Rock art, Glebe, Co. Kerry
Co. Kerry |
Settlement Sites
On a south-west-facing slope of mountain heath above the Carhar River valley in County Kerry, a large sub-oval flagstone sits against a drystone field wall at roughly 155 metres above sea level.
What makes it worth pausing over is a matter of subtlety: two parallel grooves, each around thirteen to fourteen centimetres wide and three centimetres deep, run across its surface in a wavy, undulating pattern, and a single cupmark, just five centimetres in diameter and four millimetres deep, sits quietly at the stone's south-eastern edge. Cupmarks are among the most common motifs in prehistoric rock art, small circular depressions pecked into stone whose purpose remains genuinely uncertain, though they appear across Atlantic Europe from the Neolithic and Bronze Age periods onward. The grooves here are less typical, and where natural fissures and striations already cross the stone's weathered face, the question of where geology ends and human intention begins is not always easy to answer.
The flagstone itself is substantial, measuring two metres along its north-east to south-west axis and just over 1.8 metres across, with a maximum thickness of around 35 centimetres.

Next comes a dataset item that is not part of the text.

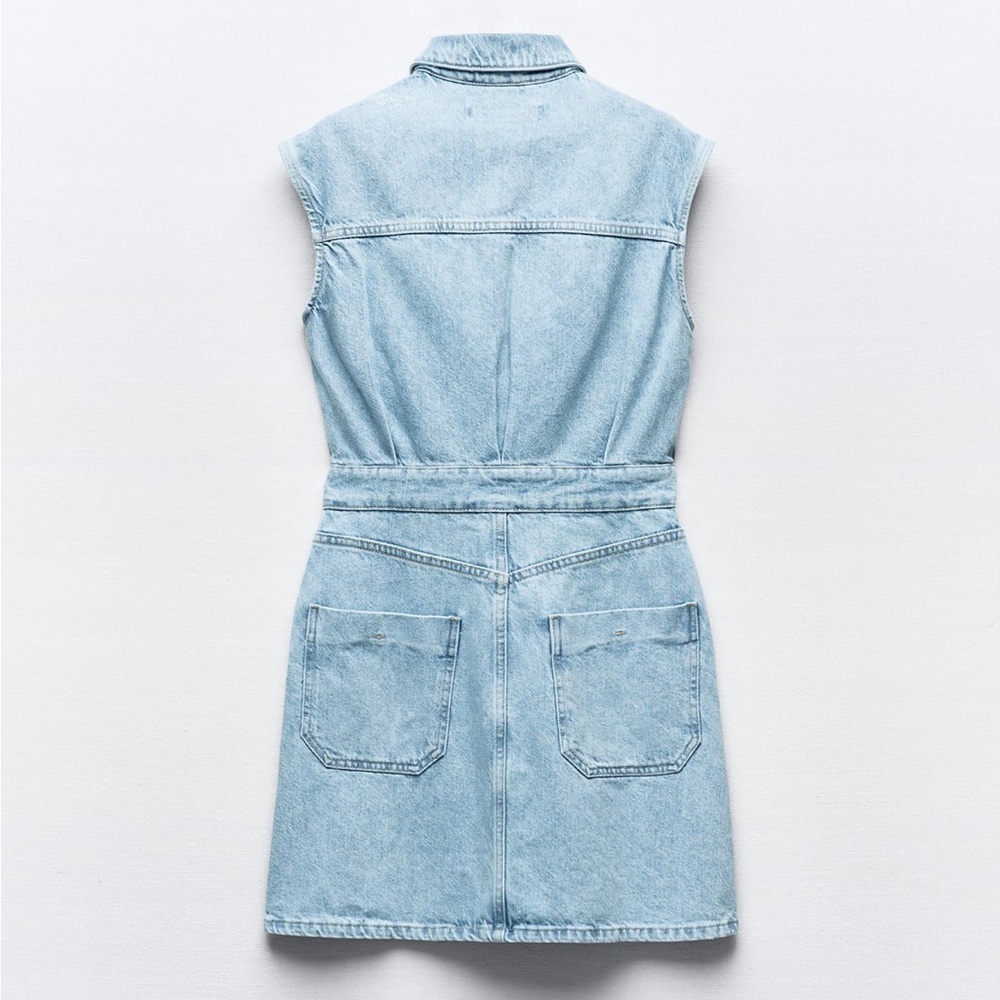 New ZARA Sleeveless Denim Mini Dress - Picture 7 of 9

It rests on the southern side of a drystone field wall, sitting about a metre above the ground on its south-east side and slightly lower on the south-west, so the decorated surface faces west, catching whatever light comes in from the direction of Cahersiveen and the valley below. The deep weathering across the stone suggests considerable age, and the decorated area, concentrated into a roughly ten-centimetre square, is modest relative to the stone's overall size, which perhaps explains why it might be passed over without a second look by anyone not already searching for it.